--- What to produce ---
You are to retype exactly the line with "Номер Стандарт Вид" and every line after it in the entries below.

--- Records to process ---
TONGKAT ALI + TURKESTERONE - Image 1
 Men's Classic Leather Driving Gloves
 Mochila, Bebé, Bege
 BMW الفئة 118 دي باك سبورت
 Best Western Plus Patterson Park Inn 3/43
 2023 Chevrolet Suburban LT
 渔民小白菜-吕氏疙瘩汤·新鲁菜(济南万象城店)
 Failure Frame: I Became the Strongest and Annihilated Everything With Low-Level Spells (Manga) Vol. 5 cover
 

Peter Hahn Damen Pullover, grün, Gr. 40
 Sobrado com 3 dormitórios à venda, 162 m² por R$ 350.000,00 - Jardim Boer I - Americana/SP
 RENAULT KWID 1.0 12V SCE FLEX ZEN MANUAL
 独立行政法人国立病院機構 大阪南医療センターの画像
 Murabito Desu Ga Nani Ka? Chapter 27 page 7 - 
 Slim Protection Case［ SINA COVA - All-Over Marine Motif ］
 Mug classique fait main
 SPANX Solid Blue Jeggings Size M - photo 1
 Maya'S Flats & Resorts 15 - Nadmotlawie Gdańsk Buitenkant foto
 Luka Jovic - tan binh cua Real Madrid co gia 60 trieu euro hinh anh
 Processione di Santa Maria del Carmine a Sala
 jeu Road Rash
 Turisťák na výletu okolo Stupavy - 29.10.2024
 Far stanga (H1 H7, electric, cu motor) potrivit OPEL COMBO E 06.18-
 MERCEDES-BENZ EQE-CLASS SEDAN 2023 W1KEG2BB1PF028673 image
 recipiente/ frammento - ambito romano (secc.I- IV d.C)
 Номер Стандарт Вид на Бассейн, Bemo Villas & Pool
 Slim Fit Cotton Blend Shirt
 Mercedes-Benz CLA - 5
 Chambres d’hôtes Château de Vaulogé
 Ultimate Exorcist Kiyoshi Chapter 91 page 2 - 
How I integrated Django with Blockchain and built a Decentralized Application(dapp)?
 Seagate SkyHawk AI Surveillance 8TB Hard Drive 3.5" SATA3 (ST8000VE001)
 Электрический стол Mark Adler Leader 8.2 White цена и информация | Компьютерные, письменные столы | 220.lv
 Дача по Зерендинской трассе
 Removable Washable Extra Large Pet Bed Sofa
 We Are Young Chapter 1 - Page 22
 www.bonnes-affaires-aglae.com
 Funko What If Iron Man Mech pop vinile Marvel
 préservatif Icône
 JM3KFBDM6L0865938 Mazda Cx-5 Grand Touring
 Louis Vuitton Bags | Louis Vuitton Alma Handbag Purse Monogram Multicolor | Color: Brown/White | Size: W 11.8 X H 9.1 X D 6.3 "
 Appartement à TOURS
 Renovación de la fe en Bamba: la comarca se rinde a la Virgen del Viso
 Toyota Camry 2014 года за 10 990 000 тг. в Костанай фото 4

--- Exercise answer ---
 Номер Стандарт Вид на Бассейн, Bemo Villas & Pool
 Slim Fit Cotton Blend Shirt
 Mercedes-Benz CLA - 5
 Chambres d’hôtes Château de Vaulogé
 Ultimate Exorcist Kiyoshi Chapter 91 page 2 - 
How I integrated Django with Blockchain and built a Decentralized Application(dapp)?
 Seagate SkyHawk AI Surveillance 8TB Hard Drive 3.5" SATA3 (ST8000VE001)
 Электрический стол Mark Adler Leader 8.2 White цена и информация | Компьютерные, письменные столы | 220.lv
 Дача по Зерендинской трассе
 Removable Washable Extra Large Pet Bed Sofa
 We Are Young Chapter 1 - Page 22
 www.bonnes-affaires-aglae.com
 Funko What If Iron Man Mech pop vinile Marvel
 préservatif Icône
 JM3KFBDM6L0865938 Mazda Cx-5 Grand Touring
 Louis Vuitton Bags | Louis Vuitton Alma Handbag Purse Monogram Multicolor | Color: Brown/White | Size: W 11.8 X H 9.1 X D 6.3 "
 Appartement à TOURS
 Renovación de la fe en Bamba: la comarca se rinde a la Virgen del Viso
 Toyota Camry 2014 года за 10 990 000 тг. в Костанай фото 4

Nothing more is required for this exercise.